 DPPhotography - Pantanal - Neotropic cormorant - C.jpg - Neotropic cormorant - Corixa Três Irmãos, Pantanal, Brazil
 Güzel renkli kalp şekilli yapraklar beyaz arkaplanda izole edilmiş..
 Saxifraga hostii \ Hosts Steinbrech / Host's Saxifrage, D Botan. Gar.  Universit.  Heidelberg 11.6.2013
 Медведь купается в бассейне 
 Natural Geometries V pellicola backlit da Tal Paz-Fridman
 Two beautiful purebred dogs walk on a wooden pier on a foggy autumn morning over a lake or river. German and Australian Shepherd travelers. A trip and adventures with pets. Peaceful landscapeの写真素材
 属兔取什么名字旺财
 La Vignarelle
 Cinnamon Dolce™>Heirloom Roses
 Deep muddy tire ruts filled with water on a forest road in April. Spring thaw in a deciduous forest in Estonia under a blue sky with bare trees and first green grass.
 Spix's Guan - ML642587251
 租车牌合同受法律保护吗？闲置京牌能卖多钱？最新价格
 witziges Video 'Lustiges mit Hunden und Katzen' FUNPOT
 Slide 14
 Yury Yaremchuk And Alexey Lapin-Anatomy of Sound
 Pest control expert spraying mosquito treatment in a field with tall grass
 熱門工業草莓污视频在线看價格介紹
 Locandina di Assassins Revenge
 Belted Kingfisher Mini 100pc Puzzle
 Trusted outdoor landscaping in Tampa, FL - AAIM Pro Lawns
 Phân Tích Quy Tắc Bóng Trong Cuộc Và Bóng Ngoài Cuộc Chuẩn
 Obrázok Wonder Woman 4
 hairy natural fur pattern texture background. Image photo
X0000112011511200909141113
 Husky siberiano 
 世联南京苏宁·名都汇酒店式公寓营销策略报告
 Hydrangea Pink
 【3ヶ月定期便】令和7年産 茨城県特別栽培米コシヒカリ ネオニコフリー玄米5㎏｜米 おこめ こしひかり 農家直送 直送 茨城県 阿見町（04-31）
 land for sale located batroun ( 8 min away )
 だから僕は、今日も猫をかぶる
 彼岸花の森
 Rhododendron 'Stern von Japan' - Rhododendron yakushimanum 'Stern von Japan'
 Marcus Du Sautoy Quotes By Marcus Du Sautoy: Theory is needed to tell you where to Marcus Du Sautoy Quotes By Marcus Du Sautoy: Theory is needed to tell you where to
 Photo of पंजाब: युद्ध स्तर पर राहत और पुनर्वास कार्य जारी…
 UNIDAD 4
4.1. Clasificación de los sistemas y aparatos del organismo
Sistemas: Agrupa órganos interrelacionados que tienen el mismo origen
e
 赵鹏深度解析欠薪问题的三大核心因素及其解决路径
+++++
▸ **YOUR ASSIGNMENT**:
Given the records above, return exactly the lines starting at the line containing "Two beautiful purebred" and ending at the line containing "Cinnamon Dolce™>Heirloom Roses", including both.

▸ **EXERCISE ANSWER**:
 Two beautiful purebred dogs walk on a wooden pier on a foggy autumn morning over a lake or river. German and Australian Shepherd travelers. A trip and adventures with pets. Peaceful landscapeの写真素材
 属兔取什么名字旺财
 La Vignarelle
 Cinnamon Dolce™>Heirloom Roses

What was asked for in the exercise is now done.